─── Input records

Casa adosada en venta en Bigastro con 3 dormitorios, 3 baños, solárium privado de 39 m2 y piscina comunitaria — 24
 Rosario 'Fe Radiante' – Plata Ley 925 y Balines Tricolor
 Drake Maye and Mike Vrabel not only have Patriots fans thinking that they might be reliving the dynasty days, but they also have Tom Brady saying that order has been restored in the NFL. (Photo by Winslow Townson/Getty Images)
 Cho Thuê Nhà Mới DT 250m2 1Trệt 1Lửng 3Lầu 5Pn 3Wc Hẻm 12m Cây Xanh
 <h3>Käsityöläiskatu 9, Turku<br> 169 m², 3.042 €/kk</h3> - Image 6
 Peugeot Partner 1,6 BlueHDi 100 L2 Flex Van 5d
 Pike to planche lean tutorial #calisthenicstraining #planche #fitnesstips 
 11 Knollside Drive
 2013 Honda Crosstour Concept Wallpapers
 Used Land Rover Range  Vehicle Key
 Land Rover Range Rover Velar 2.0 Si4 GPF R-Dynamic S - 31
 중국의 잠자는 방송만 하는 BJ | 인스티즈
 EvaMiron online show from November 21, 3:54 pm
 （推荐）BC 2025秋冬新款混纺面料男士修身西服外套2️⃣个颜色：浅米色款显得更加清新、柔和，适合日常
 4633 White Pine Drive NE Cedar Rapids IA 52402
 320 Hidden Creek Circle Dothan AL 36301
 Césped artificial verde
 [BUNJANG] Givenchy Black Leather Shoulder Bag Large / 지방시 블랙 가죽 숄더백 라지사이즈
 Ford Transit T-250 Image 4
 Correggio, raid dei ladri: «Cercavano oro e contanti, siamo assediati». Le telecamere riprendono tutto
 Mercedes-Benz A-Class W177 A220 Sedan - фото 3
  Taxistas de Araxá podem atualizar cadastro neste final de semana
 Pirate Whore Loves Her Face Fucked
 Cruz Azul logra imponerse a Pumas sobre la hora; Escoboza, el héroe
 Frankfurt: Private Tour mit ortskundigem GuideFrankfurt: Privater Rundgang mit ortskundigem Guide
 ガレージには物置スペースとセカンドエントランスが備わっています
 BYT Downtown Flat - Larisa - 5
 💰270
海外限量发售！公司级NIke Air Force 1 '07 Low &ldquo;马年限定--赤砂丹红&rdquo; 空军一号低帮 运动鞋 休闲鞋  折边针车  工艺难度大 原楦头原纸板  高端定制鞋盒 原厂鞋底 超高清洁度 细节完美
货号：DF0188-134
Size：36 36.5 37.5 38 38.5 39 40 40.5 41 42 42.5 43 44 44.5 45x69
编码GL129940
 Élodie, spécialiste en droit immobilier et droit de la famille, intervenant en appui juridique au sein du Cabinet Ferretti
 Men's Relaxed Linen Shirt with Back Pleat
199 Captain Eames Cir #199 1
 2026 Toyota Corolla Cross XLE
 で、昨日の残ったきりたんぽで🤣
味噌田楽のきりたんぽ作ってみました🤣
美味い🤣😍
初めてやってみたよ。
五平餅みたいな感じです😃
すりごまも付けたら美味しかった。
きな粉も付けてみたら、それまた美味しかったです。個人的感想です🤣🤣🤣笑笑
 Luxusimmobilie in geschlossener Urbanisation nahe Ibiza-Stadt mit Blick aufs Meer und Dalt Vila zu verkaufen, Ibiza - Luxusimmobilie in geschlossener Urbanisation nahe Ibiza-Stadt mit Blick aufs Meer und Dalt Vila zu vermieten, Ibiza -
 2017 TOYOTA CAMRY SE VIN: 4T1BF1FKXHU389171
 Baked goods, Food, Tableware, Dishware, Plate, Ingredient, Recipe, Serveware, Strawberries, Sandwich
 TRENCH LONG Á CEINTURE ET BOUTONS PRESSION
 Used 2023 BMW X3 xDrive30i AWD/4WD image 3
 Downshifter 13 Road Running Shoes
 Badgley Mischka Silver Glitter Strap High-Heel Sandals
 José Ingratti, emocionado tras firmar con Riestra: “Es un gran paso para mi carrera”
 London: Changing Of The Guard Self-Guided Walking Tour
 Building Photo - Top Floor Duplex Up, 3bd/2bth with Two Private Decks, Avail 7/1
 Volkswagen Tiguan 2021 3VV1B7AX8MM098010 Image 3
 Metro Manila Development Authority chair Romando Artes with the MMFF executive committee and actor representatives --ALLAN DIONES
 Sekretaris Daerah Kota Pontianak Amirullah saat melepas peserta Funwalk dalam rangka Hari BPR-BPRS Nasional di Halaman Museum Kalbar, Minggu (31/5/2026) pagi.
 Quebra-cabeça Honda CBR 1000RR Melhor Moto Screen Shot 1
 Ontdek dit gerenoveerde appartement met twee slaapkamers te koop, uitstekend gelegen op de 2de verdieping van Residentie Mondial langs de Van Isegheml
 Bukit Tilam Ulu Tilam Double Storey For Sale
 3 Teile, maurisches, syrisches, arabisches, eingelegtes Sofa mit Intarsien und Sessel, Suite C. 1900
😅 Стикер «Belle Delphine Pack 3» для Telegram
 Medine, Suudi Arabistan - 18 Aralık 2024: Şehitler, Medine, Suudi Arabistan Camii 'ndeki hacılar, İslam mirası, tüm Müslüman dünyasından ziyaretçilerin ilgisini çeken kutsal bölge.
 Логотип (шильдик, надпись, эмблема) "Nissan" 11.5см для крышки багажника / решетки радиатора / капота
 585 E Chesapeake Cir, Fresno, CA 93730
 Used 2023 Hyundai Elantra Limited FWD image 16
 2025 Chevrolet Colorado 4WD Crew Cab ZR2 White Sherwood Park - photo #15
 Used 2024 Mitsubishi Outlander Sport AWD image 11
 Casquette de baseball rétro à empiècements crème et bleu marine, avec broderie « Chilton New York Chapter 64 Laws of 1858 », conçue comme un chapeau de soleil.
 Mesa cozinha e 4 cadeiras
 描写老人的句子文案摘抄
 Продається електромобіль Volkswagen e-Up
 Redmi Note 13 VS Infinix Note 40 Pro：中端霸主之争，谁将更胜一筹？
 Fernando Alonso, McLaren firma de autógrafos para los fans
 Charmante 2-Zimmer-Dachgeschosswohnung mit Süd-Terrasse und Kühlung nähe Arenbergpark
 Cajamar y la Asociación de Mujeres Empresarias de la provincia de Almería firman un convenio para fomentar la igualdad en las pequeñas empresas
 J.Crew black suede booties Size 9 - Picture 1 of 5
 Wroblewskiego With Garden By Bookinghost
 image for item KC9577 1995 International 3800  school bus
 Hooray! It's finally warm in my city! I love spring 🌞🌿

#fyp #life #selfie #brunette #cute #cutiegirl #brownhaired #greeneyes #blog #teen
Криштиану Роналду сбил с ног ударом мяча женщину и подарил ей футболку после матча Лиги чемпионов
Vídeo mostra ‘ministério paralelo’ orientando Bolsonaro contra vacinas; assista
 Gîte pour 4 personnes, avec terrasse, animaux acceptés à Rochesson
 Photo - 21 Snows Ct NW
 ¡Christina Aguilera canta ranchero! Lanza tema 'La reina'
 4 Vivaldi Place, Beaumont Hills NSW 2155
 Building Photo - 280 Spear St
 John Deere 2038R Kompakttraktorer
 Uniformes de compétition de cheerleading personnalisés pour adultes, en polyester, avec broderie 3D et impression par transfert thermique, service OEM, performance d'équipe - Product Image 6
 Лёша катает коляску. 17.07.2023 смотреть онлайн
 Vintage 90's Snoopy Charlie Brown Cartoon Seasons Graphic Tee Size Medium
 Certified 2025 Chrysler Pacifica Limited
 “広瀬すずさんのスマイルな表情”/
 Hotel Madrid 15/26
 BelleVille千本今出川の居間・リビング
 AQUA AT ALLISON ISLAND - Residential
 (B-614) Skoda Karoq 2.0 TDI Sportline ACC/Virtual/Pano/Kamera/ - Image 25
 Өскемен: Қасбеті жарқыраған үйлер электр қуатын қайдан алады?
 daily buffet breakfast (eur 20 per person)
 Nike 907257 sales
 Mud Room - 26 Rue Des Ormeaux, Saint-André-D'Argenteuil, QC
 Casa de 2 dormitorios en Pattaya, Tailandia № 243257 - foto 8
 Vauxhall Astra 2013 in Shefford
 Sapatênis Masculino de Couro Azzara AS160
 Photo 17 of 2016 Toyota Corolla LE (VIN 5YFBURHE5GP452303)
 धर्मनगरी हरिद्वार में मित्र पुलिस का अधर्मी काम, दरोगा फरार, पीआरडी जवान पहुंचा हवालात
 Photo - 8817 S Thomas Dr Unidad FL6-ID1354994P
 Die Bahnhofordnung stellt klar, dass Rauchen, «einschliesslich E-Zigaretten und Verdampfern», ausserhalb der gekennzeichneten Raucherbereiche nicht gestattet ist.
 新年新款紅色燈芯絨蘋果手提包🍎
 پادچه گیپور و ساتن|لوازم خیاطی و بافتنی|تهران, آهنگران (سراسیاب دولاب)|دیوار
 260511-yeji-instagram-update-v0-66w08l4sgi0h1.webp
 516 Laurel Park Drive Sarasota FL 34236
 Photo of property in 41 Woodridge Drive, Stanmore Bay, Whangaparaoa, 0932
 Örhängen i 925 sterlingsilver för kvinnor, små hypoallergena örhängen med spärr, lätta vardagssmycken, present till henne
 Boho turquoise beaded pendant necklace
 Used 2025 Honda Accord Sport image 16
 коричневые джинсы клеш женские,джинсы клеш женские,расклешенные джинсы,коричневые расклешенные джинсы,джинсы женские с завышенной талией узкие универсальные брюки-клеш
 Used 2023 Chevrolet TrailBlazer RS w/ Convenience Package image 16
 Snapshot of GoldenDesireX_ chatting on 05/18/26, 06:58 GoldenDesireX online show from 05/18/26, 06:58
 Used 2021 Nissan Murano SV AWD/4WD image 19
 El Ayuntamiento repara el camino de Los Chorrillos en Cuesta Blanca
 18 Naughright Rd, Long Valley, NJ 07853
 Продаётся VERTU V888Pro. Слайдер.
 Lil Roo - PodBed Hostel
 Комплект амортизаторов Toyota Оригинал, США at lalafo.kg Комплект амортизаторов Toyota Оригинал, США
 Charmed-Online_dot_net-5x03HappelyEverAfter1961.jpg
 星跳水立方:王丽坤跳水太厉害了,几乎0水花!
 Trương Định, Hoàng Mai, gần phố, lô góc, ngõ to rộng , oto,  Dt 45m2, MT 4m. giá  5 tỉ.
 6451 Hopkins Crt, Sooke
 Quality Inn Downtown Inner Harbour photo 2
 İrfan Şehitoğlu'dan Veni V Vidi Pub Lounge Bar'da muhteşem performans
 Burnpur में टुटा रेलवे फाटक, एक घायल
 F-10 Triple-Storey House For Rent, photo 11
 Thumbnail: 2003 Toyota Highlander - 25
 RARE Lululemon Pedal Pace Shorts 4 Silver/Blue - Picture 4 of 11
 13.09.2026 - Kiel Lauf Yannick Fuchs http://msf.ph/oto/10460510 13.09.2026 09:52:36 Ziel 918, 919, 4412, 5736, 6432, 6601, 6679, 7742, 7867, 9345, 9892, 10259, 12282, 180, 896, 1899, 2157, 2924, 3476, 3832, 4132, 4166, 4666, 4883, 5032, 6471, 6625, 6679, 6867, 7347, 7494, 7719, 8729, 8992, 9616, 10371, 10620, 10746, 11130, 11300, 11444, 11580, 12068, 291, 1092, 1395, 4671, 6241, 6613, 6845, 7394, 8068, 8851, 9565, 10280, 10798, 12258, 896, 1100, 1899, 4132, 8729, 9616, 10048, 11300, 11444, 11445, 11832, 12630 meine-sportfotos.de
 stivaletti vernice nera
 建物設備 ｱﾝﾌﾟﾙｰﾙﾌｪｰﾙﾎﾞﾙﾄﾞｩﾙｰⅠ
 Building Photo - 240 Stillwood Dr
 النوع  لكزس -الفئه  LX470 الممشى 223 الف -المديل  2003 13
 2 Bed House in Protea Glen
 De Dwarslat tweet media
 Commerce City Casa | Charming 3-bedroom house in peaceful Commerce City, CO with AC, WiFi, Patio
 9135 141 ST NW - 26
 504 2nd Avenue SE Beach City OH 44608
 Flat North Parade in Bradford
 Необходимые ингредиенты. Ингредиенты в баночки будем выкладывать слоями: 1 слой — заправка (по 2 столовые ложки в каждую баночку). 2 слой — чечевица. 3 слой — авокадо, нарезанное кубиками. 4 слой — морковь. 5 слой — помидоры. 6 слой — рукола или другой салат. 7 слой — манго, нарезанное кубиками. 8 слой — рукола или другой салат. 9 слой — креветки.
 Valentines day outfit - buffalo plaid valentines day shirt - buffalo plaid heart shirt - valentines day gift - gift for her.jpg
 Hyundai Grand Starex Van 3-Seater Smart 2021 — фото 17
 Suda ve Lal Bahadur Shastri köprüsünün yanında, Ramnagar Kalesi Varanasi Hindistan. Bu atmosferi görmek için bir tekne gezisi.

──────

# [Exercise]
Will you return exactly the lines above from the one with "İrfan Şehitoğlu'dan Veni" down to the one with "RARE Lululemon Pedal", counting both as part of the range?

# [Written solution]
 İrfan Şehitoğlu'dan Veni V Vidi Pub Lounge Bar'da muhteşem performans
 Burnpur में टुटा रेलवे फाटक, एक घायल
 F-10 Triple-Storey House For Rent, photo 11
 Thumbnail: 2003 Toyota Highlander - 25
 RARE Lululemon Pedal Pace Shorts 4 Silver/Blue - Picture 4 of 11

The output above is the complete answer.